Título: Poleto cai em contradições e tem prisão pedida
Autor: Alan Gripp/Demétrio Weber
Fonte: O Globo, 11/11/2005, O País, p. 10

Ex-assessor de Palocci em Ribeirão Preto só não deixou Congresso algemado por causa de hábeas-corpus

BRASÍLIA. A CPI dos Bingos aprovou ontem requerimento pedindo a prisão do economista Vladimir Poleto, suspeito de transportar o suposto dinheiro enviado pelo governo de Cuba para a campanha do presidente Luiz Inácio Lula da Silva, em 2002. Poleto depôs ontem e caiu em diversas contradições. Só não deixou o Congresso algemado porque depôs protegido por um hábeas-corpus. Para parlamentares da oposição, Poleto acabou tornando verossímil a denúncia da revista "Veja" sobre o suposto dinheiro cubano e deixou ainda mais frágil a situação do ministro da Fazenda, Antonio Palocci. Seu ex-assessor tentou fazer um desmentido acusando o autor da reportagem, mas foi desmentido, se enrolou com inúmeras contradições e ainda confirmou a viagem do avião Sêneca transportando caixas que ele agora diz serem de uísque e não de dólares.

A CPI aprovou outro requerimento, enviando uma queixa-crime à Polícia Federal e ao Ministério Público Federal para apurar a suposta entrada ilegal de dinheiro no país e o transporte de dólares no chamado caso Cuba. A prisão de Poleto foi pedida pelos mesmos crimes.

Poleto negou ter dado as declarações à "Veja" e alegou que, se falou, foi porque estava bêbado. Disse que não autorizou que a entrevista fosse gravada. Para desmentir o depoimento de Poleto, a revista pôs a gravação em seu site e o áudio foi reproduzido na sessão da CPI . Na fita, porém, Poleto não se mostra contrariado com as perguntas e não parece embriagado.

As contradições levaram os integrantes da CPI a aprovar os dois requerimentos.

- Essa gravação fala por si. É claro que o senhor Poleto está mentindo de maneira deslavada diante deste plenário - protestou o senador Tasso Jereissati (PSDB-CE).

Muito nervoso, Poleto iniciou seu depoimento lendo um relato de 12 páginas com sua versão para o caso Cuba. Ele confirmou que levou três caixas de uísque num avião Sêneca de Brasília para São Paulo, mas negou que elas continham dólares. O economista disse que pegou uma carona no Sêneca atendendo a uma oferta de um amigo, o também ex-assessor de Palocci Ralf Barquete, que lhe pedira o favor de transportar as caixas. Poleto negou ter recebido as caixas de um diplomata cubano.

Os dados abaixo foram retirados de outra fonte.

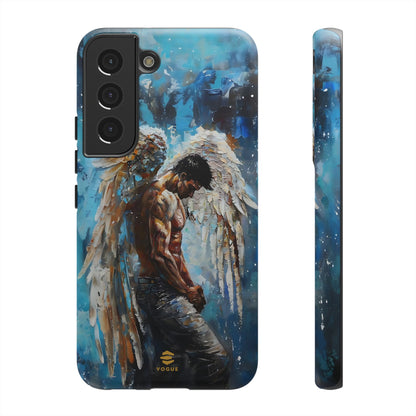 Angel on Earth Samsung Galaxy Tough case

- Foi do porteiro do prédio - afirmou Poleto, dizendo não lembrar do endereço onde pegou as caixas.

Depois, Poleto acusou o repórter Policarpo Júnior, da "Veja", de lhe coagir a dar a entrevista usando um dossiê com acusações profissionais e pessoais, além de fotos. O economista disse, então, ter cedido à pressão e ido ao seu encontro num hotel em Ribeirão Preto. E afirmou que, apesar de negar que tenha transportado os dólares, o repórter teria lhe dito que publicaria a história de qualquer maneira e que sua meta era "pegar o ministro Palocci":

- Ele (Policarpo) me disse: "A reportagem está pronta, quer você queira ou não".

Apesar de ter negado as declarações dadas ao repórter, Poleto depois considerou a possibilidade de ter dado de fato a entrevista por estar sob o efeito de álcool. Ele alegou que antes de se encontrar com o repórter tomara "umas cachacinhas" num churrasco e que, no hotel, bebeu alguns chopes:

- Nem me recordo se fiz realmente alguma declaração. Mas se fiz, essas declarações são falsas, fruto da coação que sofri e também do excesso de álcool.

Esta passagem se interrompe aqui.